I recall this being wildly entertaining as a child, and it's just as amusing as an adult, mostly because it's the most absurd thing ever written.

Prim and proper 12 yr old Mary and her 10 yr old sister, Jean, master of jaunty made-up songs and morbid comments, wake in the night to find that their ship is going down en route from San Francisco to Australia. They do what any sisters would do: rush to the cabins of the cute babies they usually watch and, finding the baby parents absent to deal with the crisis, grab the babies (kidnapping much?) and aggressively demand a lifeboat.

https://ibb.co/cGqcfx
Check out that masterful baby hold

When their lifeboat is prematurely jettisoned, they end up Swiss Family Robsinson style on an island that perfectly meets their needs. Oddly, they immediately push aside all plans of rescue and thoughts of how the families will be affected and immediately make plans for raising a girl, three boys and a monkey named Prince Charley for the next fifty years. But don't worry, they do find an adult--a grizzled nine-toed man who moved to the island to escape, you guessed it, babies. Don't worry, they force him to attend Island Sunday School and he is soon reformed.

https://ibb.co/h6pjtH
Just feeding a baby goat rum. Nothing to see here.

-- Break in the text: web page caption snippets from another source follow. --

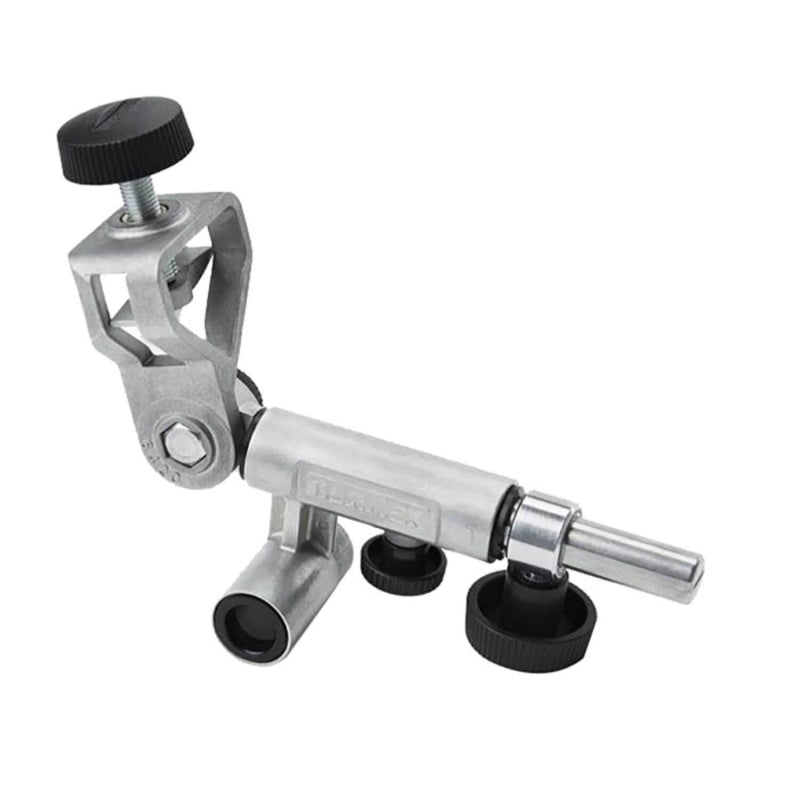 Schleifvorrichtung SVD-186 R für Drechseleisen - Zubehör - Tormek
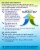 One A Day® TruBiotics® Gluten Free Daily Probiotic Supplement Capsules Perspective: back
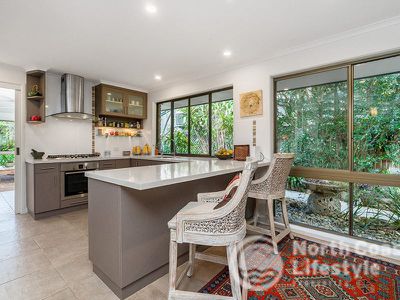 4 Kolora Way, Ocean Shores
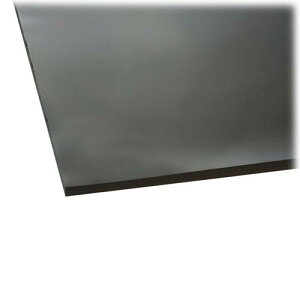 Ódh~]ʃV[g (dQV[g) 500*250*3.0t AXJ[C30 ES00-19017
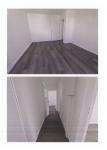Wohnung mieten Chemnitz klein 0meoz88jbvy4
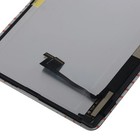 Oem For Ipad  pro  11   1st 2nd Gen 2018 2020 Lcd Display Touch Screen Replacement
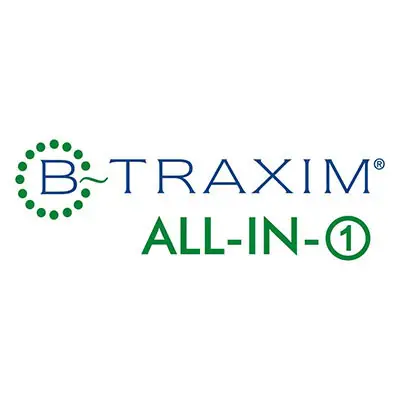 B-Traxim All in 1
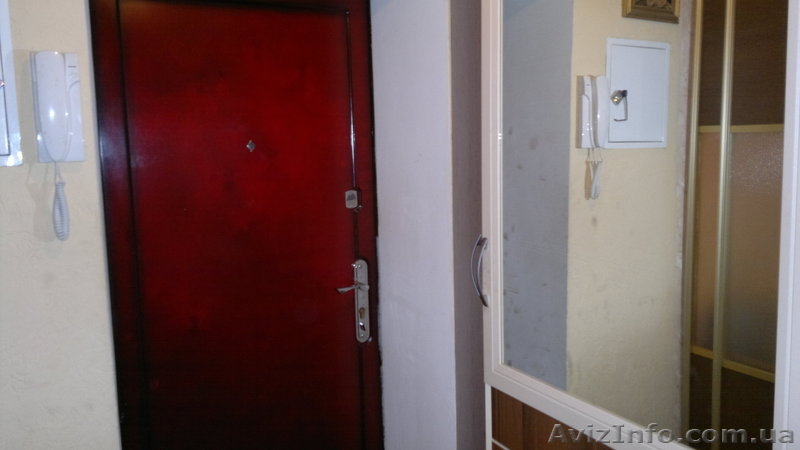 Выгодное преложение для Вас! Продам 1-комн.кв-ру в Приморском районе. - <ro>Изображение</ro><ru>Изображение</ru> #3, <ru>Объявление</ru> #1077515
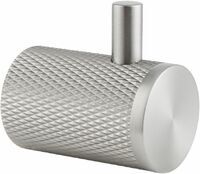 Allen Brau Priority 6.31C01-BN никель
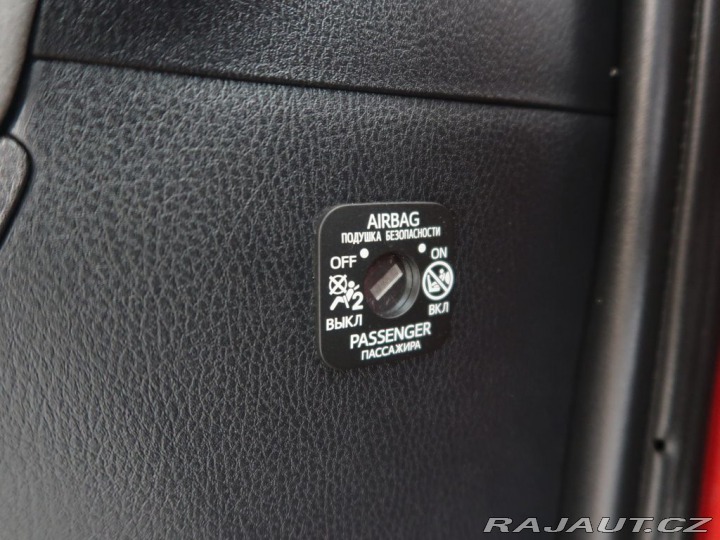 Toyota Yaris 1.33VVT-i,Automat,CZ,Tren 2016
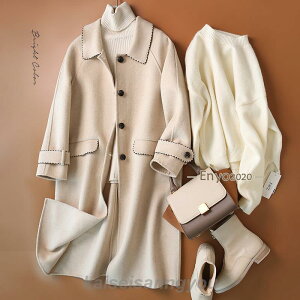 fB[X _utFCXdl̊ۋ݃OR[g E[n  F ꂢ ʊw ʋ H ~ AE^[ i ㎿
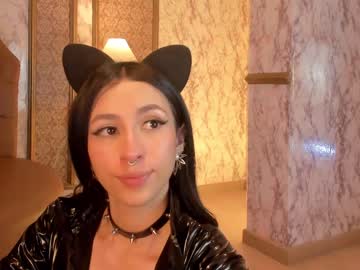 hot cam girl lilithhfoster image #3966560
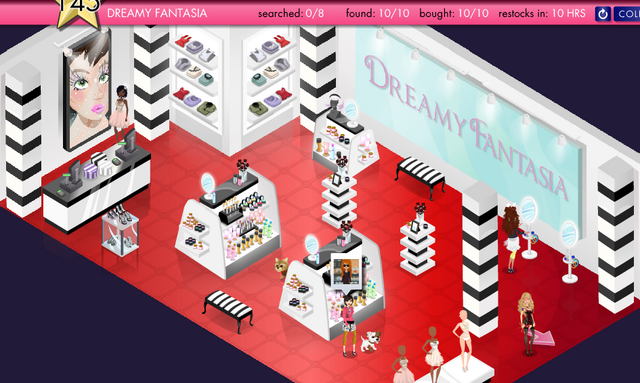 File:Dmf1.png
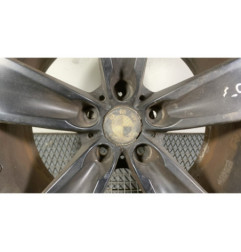 Jante BMW SERIE 5 E60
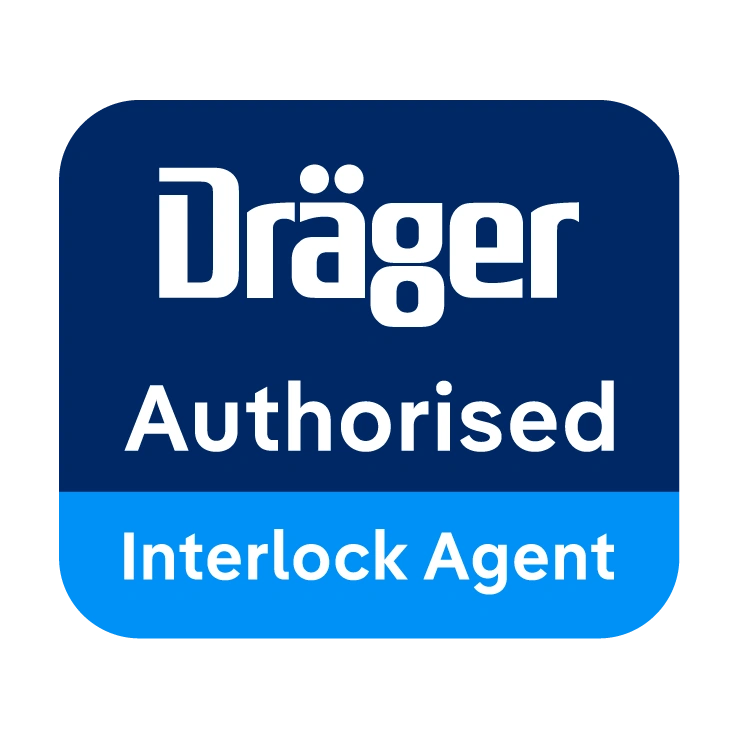 Interlock-Agent-Badge.png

You can tell this was written in 1937, because aside from the problematic ideas the girls have about "savages" and "Indians", it's basically a love letter to homemaking for little girls. In this book you'll learn such handy skills as heating a bottle using a lantern, making clamshell dishes, and cooking a Christmas pudding in a shanty. Not to mention parenting using mostly canned milk and coconuts.

https://ibb.co/k6q7DH
Siblings?

This book brings with it many unsolved mysteries: There are never ANY diaper changes? How does a shanty on a desert island have what appears to be an electric oven? This seaman moves to the island to escape nagging women and babies, only gets mail every two years, and his allegedly smoking hot bar wench girlfriend STILL WRITES TO HIM?! Two kids are excited about living on bananas and clams for months? Let's not even get in to the absurd rescue at the end.